Here is a statement that may ruffle a few feathers out there (or on this forum)...don't let the folks who look for every flaw or shortcoming or reason to purchase the most expensive items...bamboozle you into thinking that you have to have the most expensive lenses to make the best pictures. You don't. (period..full stop.....ooops maybe I shoulda used an exclamation point). Let me reiterate..."You don't!"

Here is my best advice to you:

1. Buy the best glass you can afford at the time.

2. Buy fewer better lenses rather than more cheaper lenses

3. Buy faster lenses if you can (in general)

4. Buy multi-coated UV filters and put them on on day one.

5. Use a hood (improves contrast) or buy one if you need to.

6. Use the lens. It does no good in a closet.

7. Use the lens. Learn how to use it well..this takes lots of practice.

8. Don't get hung up on taking pictures of newpapers taped to walls. No one in your family nor your friends is gonna "oooh" or "awe" at those shots.

9. Use the lens. Take lots more pics.

10. Don't blame the lens for soft pics. It is probably you or your technique.

11. Don't blame the lens for flare if you point towards the sun.

12. Don't blame the lens for distortion if you are using a wide angle

13. Don't blame the lens if it is too dark to autofocus with your camera

14. Don't blame your camera if the lens is too dark to autofocus

15. Don't expect to take pics in total darkness.

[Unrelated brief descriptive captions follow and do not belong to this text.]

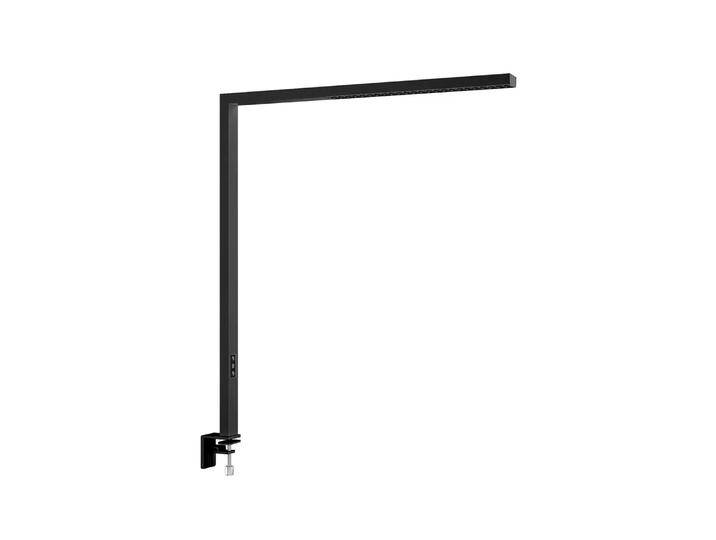 B-Ware Arcchio Jolinda Led Büro Klemmleuchte Schreibtischlampe Siehe Text/Foto B-Ware B-Ware Arcchio Jolinda Led Büro Klemmleuchte Schreibtischlampe Siehe Text/Foto B-Ware von Arcchio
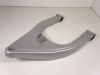 Arm BMW R 1100  1150 RS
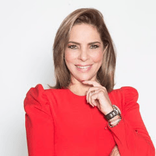 Anamariaalvaradoof avatar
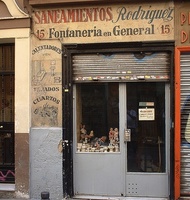 Cada cliente es un mundo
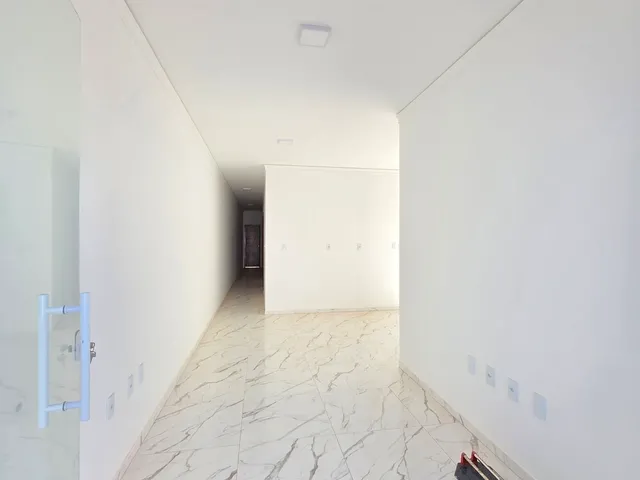 Imagem 16: Casa À Venda com 3 Quartos - Bairro Betolândia - Juazeiro do Norte/Ce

16. When you are satisfied that you know where your limits are...go buy another lens and start over.

Now...that being said (that's a lot)...consider the above carefully. It will safe you frustration and money in the long run. Honestly. s

And what are a few of my favorite lenses?

Here are a few so far:

1. Canon 50mm f1.4

2. Canon 28-135IS

3. Canon 70-200mm f2.8 "L"

4. Canon 70-200mm f2.8 IS "L"

5. Sigma 20mm f1.8

6. Sigma 105mm f2.8 Macro

7. Canon 100-400IS "L"

8. Canon 50mm f1.8

All of the above have served me well, helped to make me money (they are just tools afterall), and please me with results and good pics.

But what about the cheaper "consumer zooms?"

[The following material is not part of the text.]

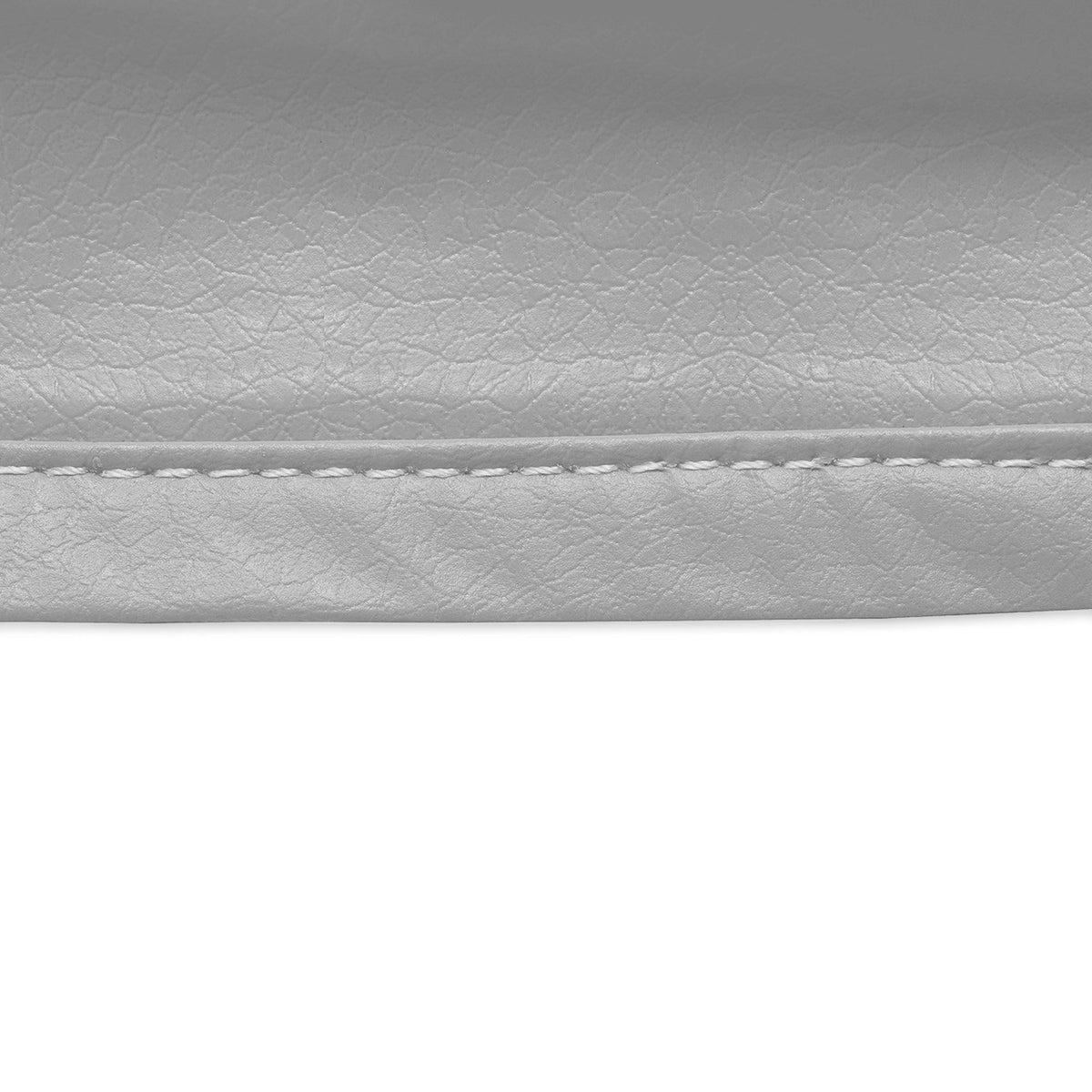Weatherproof 3 Seat Wicker Rattan Sofa Cover N66268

I can only honestly add a comment based on my own experience with the slower/cheaper super zooms. Let's one time I had a Sigma 28-300 or something like that (can't really remember)...and I loved the zoom. But...I did not love the pics. I did not like the dark viewfinder, and I did not like the restrictions. So...if that kind of lens is your current experience, let me assure you that there is a big revelation coming to you when you "see the light" and buy a faster lens or fast prime lens. Stunning difference.

Let me add this....

If you have lots of money...go ahead and spend it to make yourself happy. Buy a whole suite of L glass if you want.

But...the glass is not what is going to make you a better photographer. That comes with "vision," experience, luck, skill, and creativity.

I hope that helps a few folks. If you find it helpful, please just post a reply stating so. If you disagree, well...go post your own topic (wink).